Leave out the pictures and output exactly the lines below from the one with "Chaqueta de Cuero" down to the one with "Table, Black Granite/Black", both of them included.

[Material provided]
※ ※ ※

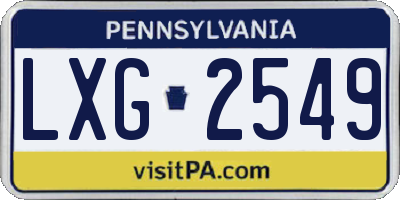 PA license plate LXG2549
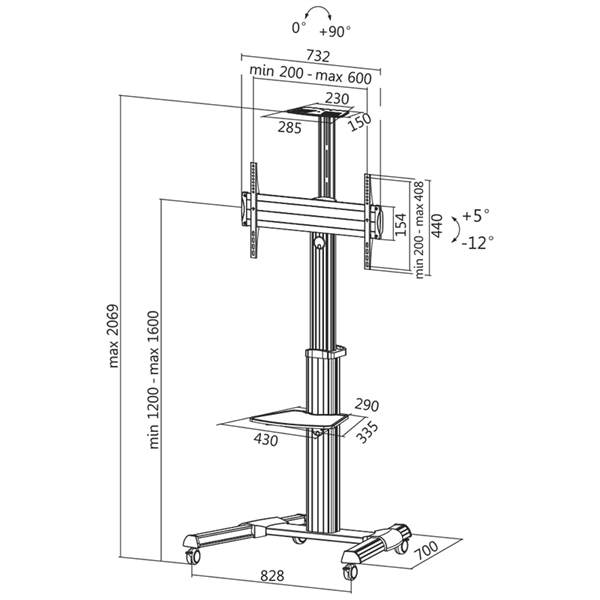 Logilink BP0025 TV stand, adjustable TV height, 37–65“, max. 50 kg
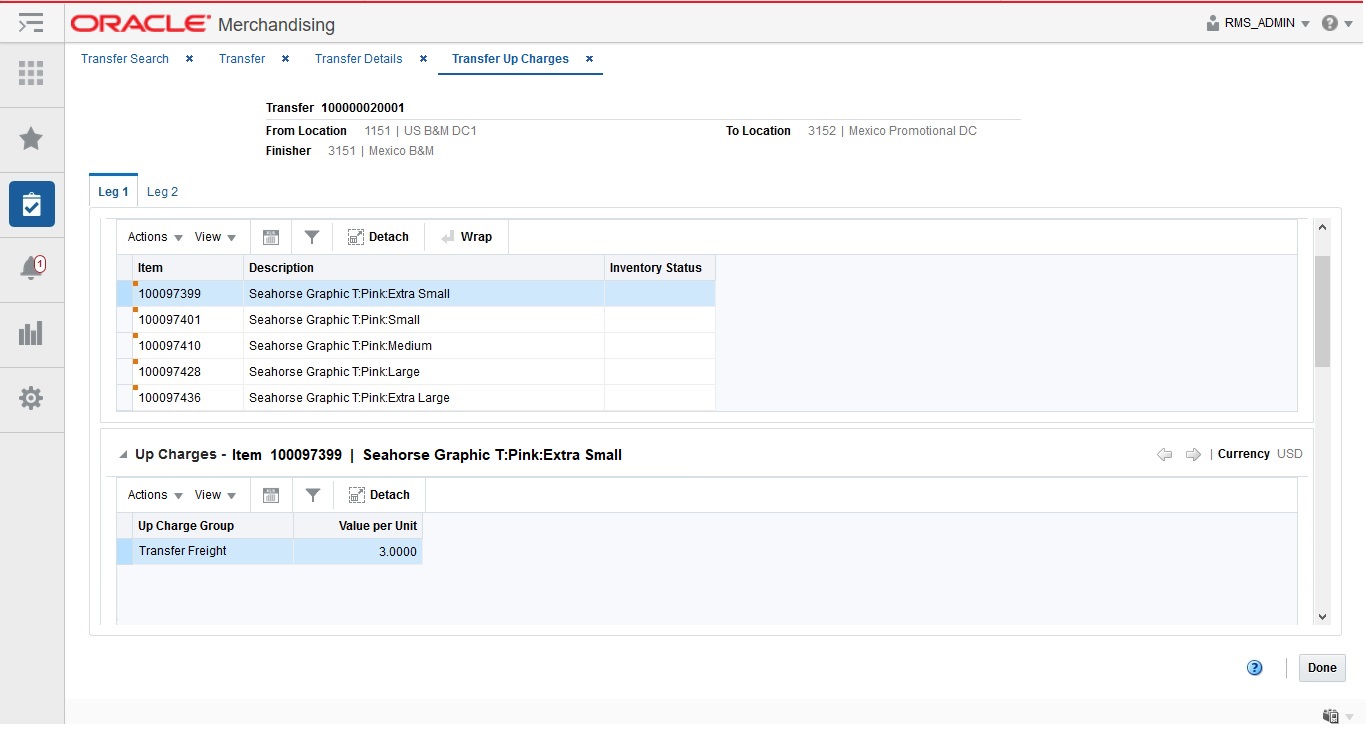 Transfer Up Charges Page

※ ※ ※

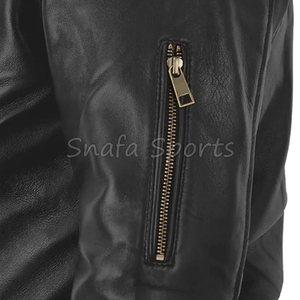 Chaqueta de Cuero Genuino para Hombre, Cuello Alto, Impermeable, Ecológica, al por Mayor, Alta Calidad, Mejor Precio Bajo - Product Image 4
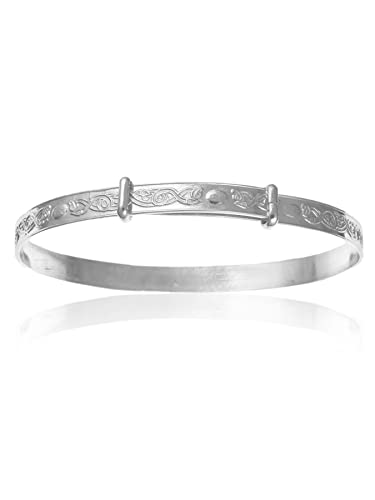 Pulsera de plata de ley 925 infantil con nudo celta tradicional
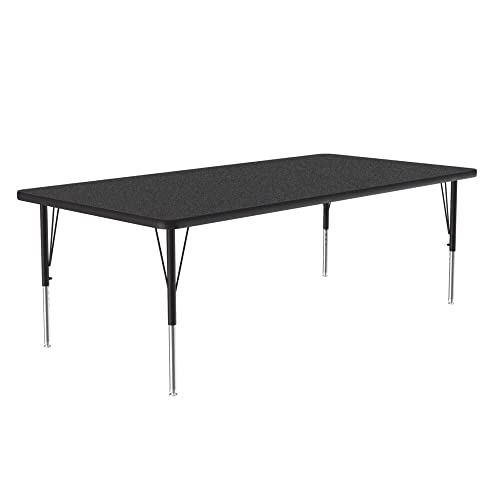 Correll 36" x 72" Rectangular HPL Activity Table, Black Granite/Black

※ ※ ※

[Problem solution]
 Chaqueta de Cuero Genuino para Hombre, Cuello Alto, Impermeable, Ecológica, al por Mayor, Alta Calidad, Mejor Precio Bajo - Product Image 4
 Pulsera de plata de ley 925 infantil con nudo celta tradicional
 Correll 36" x 72" Rectangular HPL Activity Table, Black Granite/Black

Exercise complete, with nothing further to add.